Letta, che tra l’altro insegna scienze politiche, dovrebbe conoscere a memoria gli effetti devastanti sugli elettori della denigrazione reciproca tra i membri dei Parlamenti.
Gli elettori, infatti, non si fanno troppi problemi. La logica è quella elementare dell' eliminazione del male alla radice. Ne consegue l'inevitabile richiesta di giustizia sommaria dei cosiddetti nemici del popolo, che secondo un noto stereotipo reazionario vivrebbero lussuosamente a spese degli elettori.
Purtroppo, si è persa nel tempo, a destra come a sinistra, la consapevolezza politica dell’unicità storica dell’esperimento liberale. Una coscienza presente in un grande politico liberale dell’Ottocento come Guizot, tra l’altro rispettato da Schmitt.

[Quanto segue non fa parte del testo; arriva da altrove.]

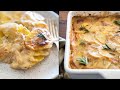 Creamy Vegan Potato Gratin (Dauphinoise) | Super Simple & Delicious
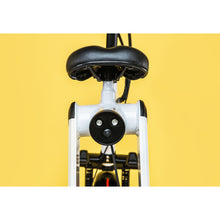 Load image into Gallery viewer, Electric Mini Bike Joyor Mbike, 500W, 18.5 mph, Distance 24.8 - 31 miles - White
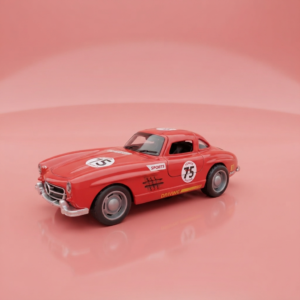 Die-Cast Metal Car(Mercedes-Benz 300 SL)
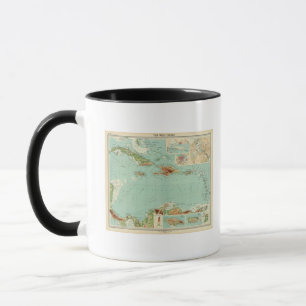 Mug West Indies 2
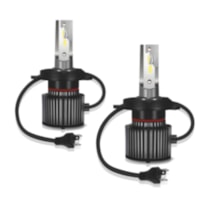 KIT LED NIGHT BREAKER SILVER H4 OSRAM - 6000K BRANCA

Ovviamente, la dinamica politica sociale ha necessità di un nemico, e ciclicamente cerca di imporsi ai disegni umani di “normalizzazione”. Nessuno lo nega.

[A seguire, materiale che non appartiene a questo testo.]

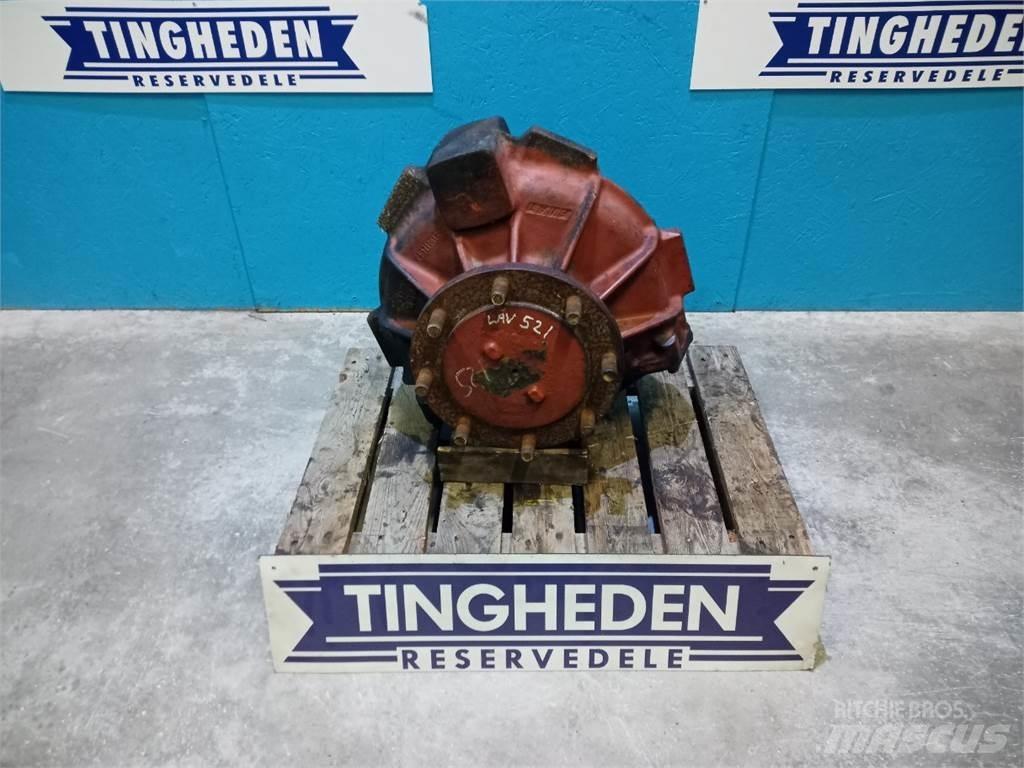 Laverda 521 Skurtresker tilbehør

Pertanto il liberalismo ha un risvolto triste, tragico se si vuole, che a molti uomini politici sembra sfuggire: da un lato, la realtà spinge - per semplificare - verso la “denigrazione reciproca”, dall’altro la ragione liberale, tenta di resistere, per la prima volta nella storia, alla vulcanica forza della lotta per il potere.
Carl Schmitt sosteneva che non c’era nulla da fare: i regimi liberal-democratici erano condannati a perire per ragioni sociologiche e storiche.
Tuttavia il suo realismo politico, se non lo spinse (del tutto) tra le braccia di Hitler, denigrando il principio della discussione, ne favorì l’ascesa.
E anche queste sono cose che Letta dovrebbe sapere.
Carlo Gambescia
(*) Per il passo citato cfr. qui: : https://www.ansa.it/sito/notizie/politica/2021/11/12/quirinale-letta-mai-visto-un-presidente-scelto-in-anticipo_19204d86-7c63-4e42-8693-699b6223e6ad.html .
(**) Si veda C. Schmitt, “Parlamento e democrazia”, Marco Editore, Lungro di Cosenza 1998, pp. 40-42.